Talvez a questão resida, de novo, no Papai Noel, um ícone de mentira, que sabemos ser de mentira, e que, por isso mesmo, não passa de um ícone. Na verdade, o personagem não tem nada de religioso: ele atravessa os ares com seu trenó, deixa presentes às crianças, mas não reivindica qualquer ligação com o além. Não é o Cristo da Manjedoura que o envia. Quando muito, talvez, sugira, pelas cores, a Coca-Cola: foi com o refrigerante que o Papai Noel apareceu na forma que tem hoje. O mais é a mistura: os sinos tocam em Belém “para o nosso bem”, etc e tal – mas os personagens da Manjedoura parecem resolutamente secundários, coadjuvantes quase. E para os chamados “crentes” – que na atualidade constituem mais de um terço dos religiosos do país- o Presépio sequer existe. Assim também nas representações públicas. No máximo, temos a parafernália das luzes que se enrolam nas árvores, ou que despencam dos edifícios como um espetáculo feérico – mas que parece ter mais a ver com o neon da publicidade do que com as cenas consagradas pela tradição – aquela que se estreita numa gruta, com o Menino, a Virgem, os pastores vindos ao longe – anjos luminosos, uma estrela guia, e as músicas ressoando desde a estratosfera.
Quando Nietszche disse que Deus estava morto, a reação alcançou todos os setores das religiões; a grita geral atingiu vários níveis e o próprio Nietszche foi anatemizado. Sua constatação, de que as religiões perdiam seus elos com a totalidade dos homens, a começar pela sua posição no Estado, nunca foi contestada pelos fatos. E o alarido que se seguiu a sua conclusão, fez muita gente contabilizar, não só os milagre – como os de Fátima, de Lourdes e outros -, mas todo um elenco de fatos extraordinários, os quais, entretanto, nem de longe parece terem tido o condão de ressuscitar Deus.

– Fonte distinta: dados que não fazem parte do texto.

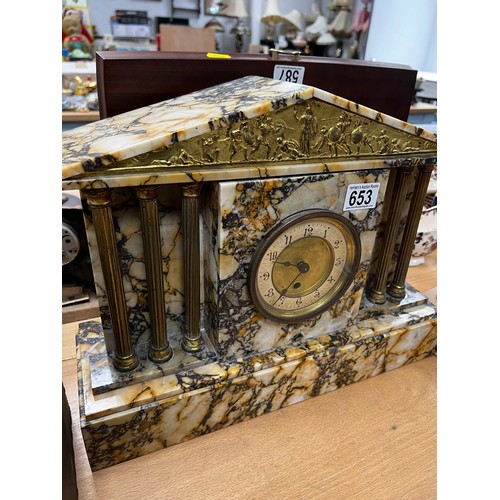 653 - Large Marble Mantle Clock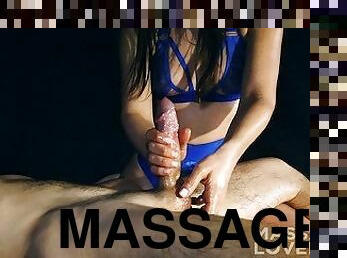 Sensitive lingam massage with big cum loads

Evidentemente, existem os religiosos: o Papa ainda reza a Missa do Galo, os crentes em suas denominação cada vez mais numerosas (a contar pelo número de pastores “empreendedoristas”), continuam a erguer seus braços na saudação a Cristo Jesus e em seus “aleluias”. Algumas igrejas católicas esplendem em cores e luzes. Além do mais, há o islamismo. Dizer que Maomé já não tem Deus para ser seu último profeta, parece desconsiderar uma religião que cresceu desmesuradamente nos últimos anos, a ponto de os islâmicos serem, no mundo atual, em números, uma comunidade muito maior que a cristã. De fato, há aspectos de guerra religiosa na resposta que muitos muçulmanos dão às bombas dos EUA e da Otan, que negam, em princípio, a morte de Deus. No entanto, pode-se objetar que, ainda assim, soa inclusive para muitos seguidores do Profeta, quase uma regressão conceber a organização das sociedades em Estados Religiosos. No próprio Irã, aliás, há quem dê como em dias contados, a manutenção da predominância dos clérigos na condução do Estado. Lá, também Alá estaria morto.

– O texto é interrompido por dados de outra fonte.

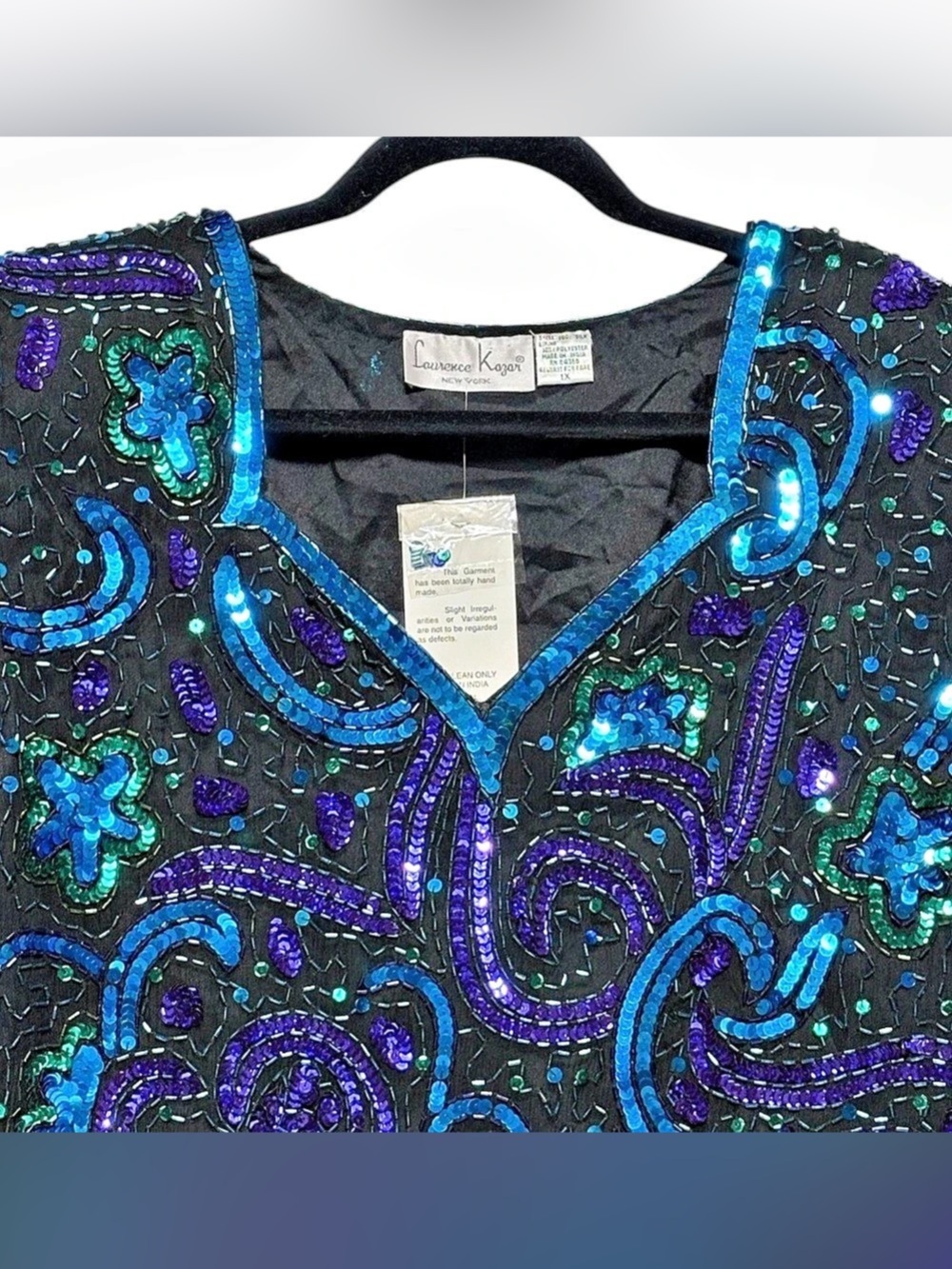VTG Laurence Kazar NY Silk Top Size XL/1X Beaded Sequin Blouse Colorful Handmade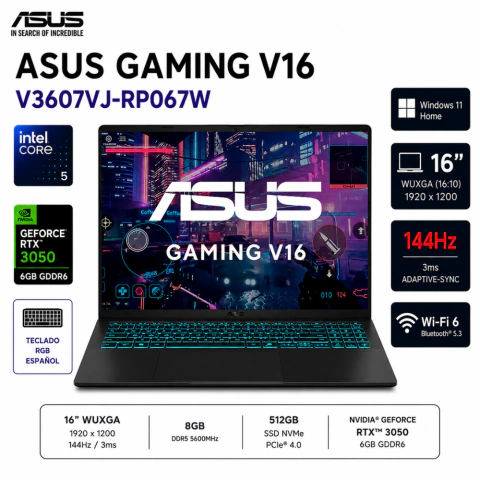 Laptop Asus Gaming V16 Intel® Core™ 5 210H | NVIDIA® GeForce RTX™ 3050 6GB | 8GB DDR5 | 512GB SSD | 16" WUXGA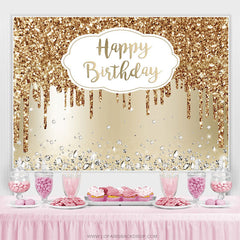 Goldglitter Diamant Hintergrund für Geburtstagsparty
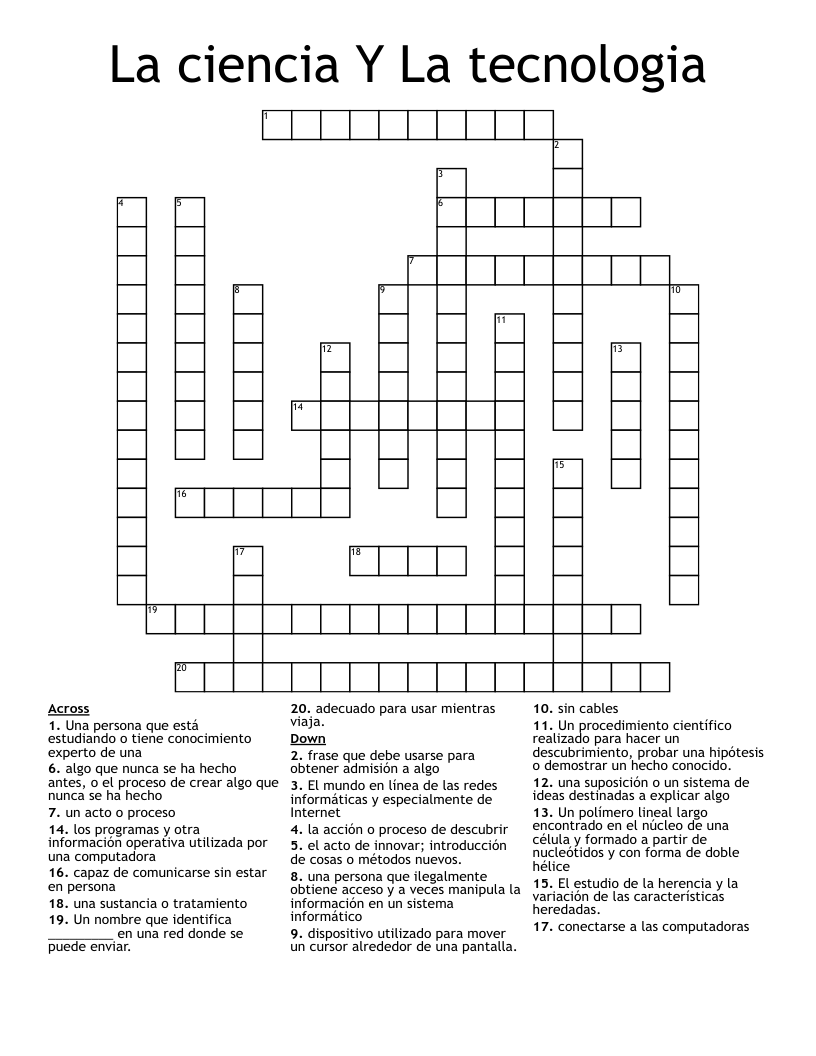 La ciencia Y La tecnologia Crossword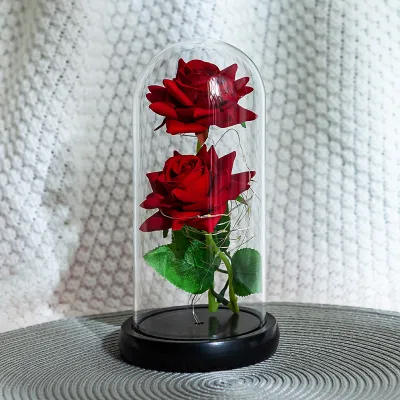 Creative Eternal Rose Glass Cover Gift Decoration for Valentine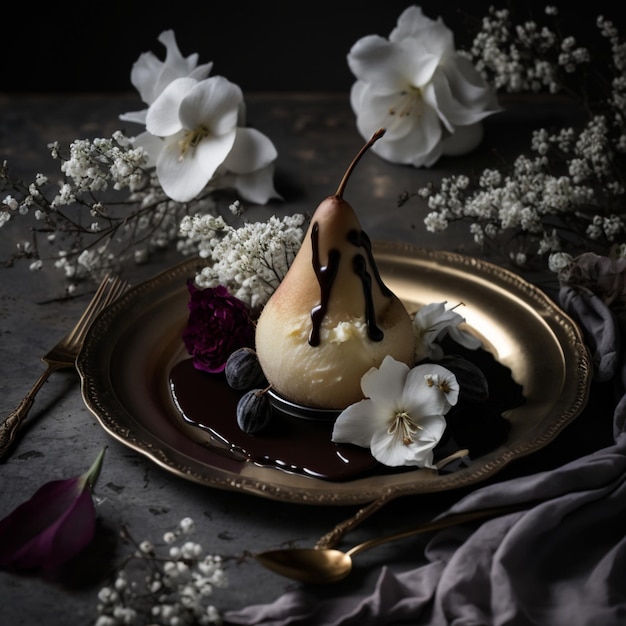 A plate with a pear on it with chocolate sauce and flowers on it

A questão, contudo, não parece simples; e não é. Há anos, um religioso escreveu um livro sobre a arte sacra do nosso tempo. Defendia que ela existiria, a despeito da irreligiosidade desenfreada que paradoxalmente se seguiu à Segunda Guerra. Referia-se ao catolicismo e nomeava alguns artistas contemporâneos. Olivier Messiaen que morreu não faz muito, foi, realmente, um compositor que sempre se postou como católico. Escreveu obras textualmente, “para Jesus” e guardou-se de que sua fé era inquebrantável, o que não deixou de ser reafirmado até sua morte. Georges Rouault, pintor, um pouco mais velho que Messiaen, francês como ele, fez uma obra quase que inteiramente religiosa. Françoise Gilot, ex-mulher de Picasso, autora de um livro sobre o pintor, refere-se a Rouault como um artista, eminentemente, religioso. O próprio escritor inglês Graham Greene, morto há uns vintes anos, expôs o problema religioso no âmbito das questões existenciais prioritárias do nosso tempo. Mas, pelo fato de ter colocado a questão, justamente como “um problema”, não parece ter esmorecido a questão concreta de que, com ou sem “o problema”, Deus estaria, de fato, morto.

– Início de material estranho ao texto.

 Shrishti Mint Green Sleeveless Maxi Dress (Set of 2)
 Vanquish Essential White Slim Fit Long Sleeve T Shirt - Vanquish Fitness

Pode-se, certamente, ler de muitas maneiras a afirmação (“aforismo”) de Nietzsche. A um homem convicto de sua fé – e há um sem número deles, inclusive entre grandes intelectuais e cientistas – a consideração seria ociosa, até contraditória. Teria de se a avaliar a questão com as devidas reservas: José Saramago, um decidido agnóstico, não imputou a Deus o “grande mal do mundo”? Como considerá-lo morto, se a cada homem-bomba no Iraque ou no Afeganistão, reacende-se a questão do martírio, que só se concebe na crença de uma fé inquebrantável? Realmente, é assim. Mas se torna cada vez mais difícil associar a Natal ao nascimento de Cristo. Ou melhor: existe muito pouco, na “maior festa da Cristandade” que conduza à conclusão de o Natal ser realmente uma festa cristã.
Claro, alguém dirá que é próprio do capitalismo não estreitar comemorações na religião. Complicado, realmente, vender certos produtos com as menções a Deus. Geladeiras e máquinas de lavar roupa, com as bênçãos do Manjedoura, são difíceis de engolir. Os religiosos que o digam.
Há as medalhinhas católicas e os dízimos protestantes, sem dúvida: todos são produtos vendidos ou comprados “em nome de Deus”. Os pagadores de promessa, que se reúnem em Aparecida, aumentam sempre, talvez não na mesma proporção de tempos atrás, mas são numeroso; só que, em todas as manifestações, o que nos identifica já não é a totalidade do ser religioso socialmente, senão a especificidade de o sermos, no âmbito de nossas respectivas igrejas e templos.
Parece ser, enfim, inelutável entre os homens, a existência de um sentimento religioso difuso. Mas já Deus é um traço subjetivo, que não se expõe na última análise das músicas, cantadas nos templos, que só têm de verdadeiramente religioso a invocação direta a Deus. Canta-se Deus em forma de rock, de música de alto consumo, mas justamente por ser também Deus um objeto de consumo. Ou seja, parece que Deus prescinde de uma música especial, de comportamentos que distingam os religiosos dos consumidores. Somos crentes para invocarmos Deus, mas não para nos alijarmos dos outros como uma característica especial.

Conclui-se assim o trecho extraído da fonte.